Opinion
1965
October 23, 2003.
Judgment (denominated an order), Supreme Court, New York County (Herman Cahn, J.), entered on or about March 4, 2003, which, inter alia, granted respondent's motion to confirm a final arbitration award, unanimously affirmed, with costs.
Lawrence Bernstein, for petitioner-appellant.
Roy W. Breitenbach, for respondent-respondent.
Before: Saxe, J.P., Rosenberger, Friedman, Marlow, JJ.
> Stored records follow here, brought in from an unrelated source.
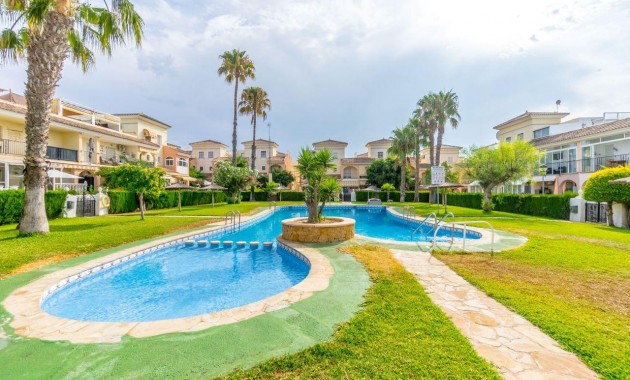 Herverkoop - Terraced house -
Orihuela Costa - Punta Prima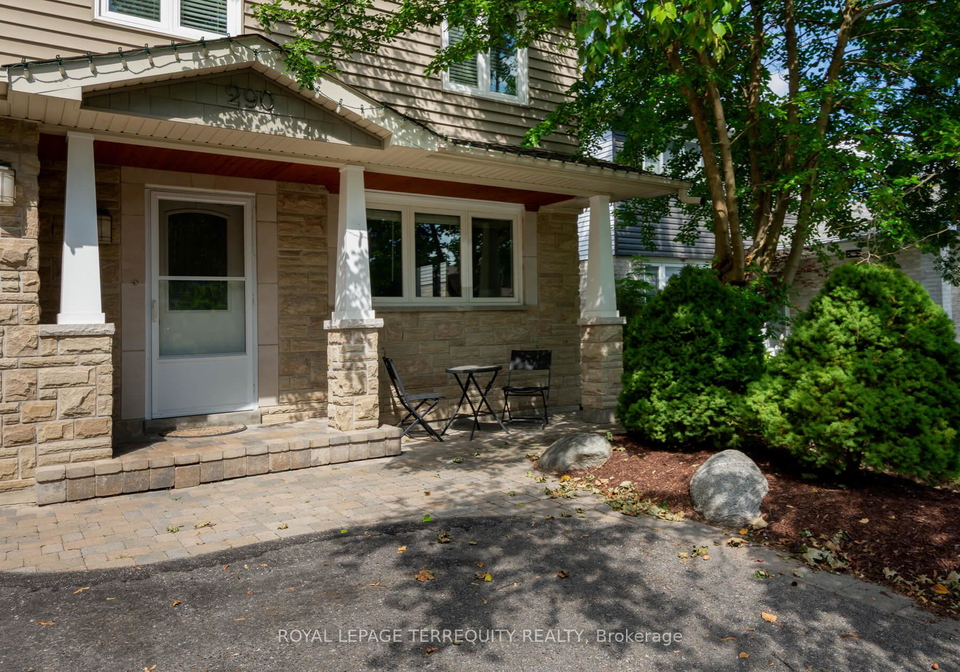 290-manchester-drive-newmarket-ontario-n12418544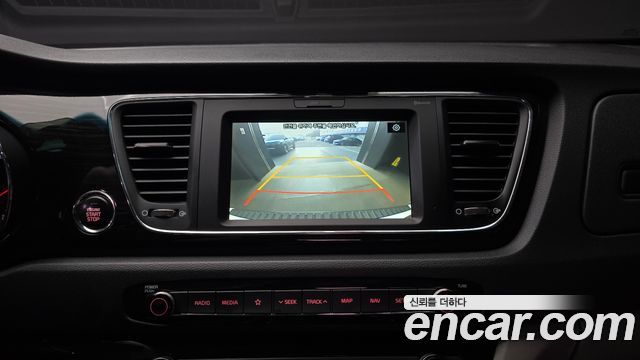 Kia Canival 2019 — photo 21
The IAS court properly denied petitioner's cross motion to vacate the award. In the absence of impropriety (CPLR 7511[b][1]), a court may vacate an award that "is violative of a strong public policy, is totally irrational or clearly exceeds a specifically enumerated limitation on the arbitrator's power" (Matter of Town of Callicoon [Civil Serv. Employees Assn., Town of Callicoon Unit], 70 N.Y.2d 907, 908). The arbitrator did not exceed the scope of the authority conferred upon her by the broad arbitration provision of the contract. Nor has petitioner established that the award was irrational or violative of public policy. A court may not substitute its judgment for that of the arbitrator either with respect to the interpretation of facts or the application of remedies (Matter of New York State Correctional Officers and Police Benevolent Assn. v. State of New York, 94 N.Y.2d 321, 326; Azrielant v. Azrielant, 301 A.D.2d 269, 275, lv denied 99 N.Y.2d 509). Judicial intervention would contravene "the strong public policy of this State to favor the resolution of disputes in arbitration as a means of conserving scarce judicial resources" (Bank of Tokyo-Mitsubishi, Ltd. v. Kvaerner a.s., 243 A.D.2d 1, 9, citing Rio Algom v. Sammi Steel Co., Ltd., 168 A.D.2d 250, lv denied 78 N.Y.2d 853).
THIS CONSTITUTES THE DECISION AND ORDER OF THE SUPREME COURT, APPELLATE DIVISION, FIRST DEPARTMENT.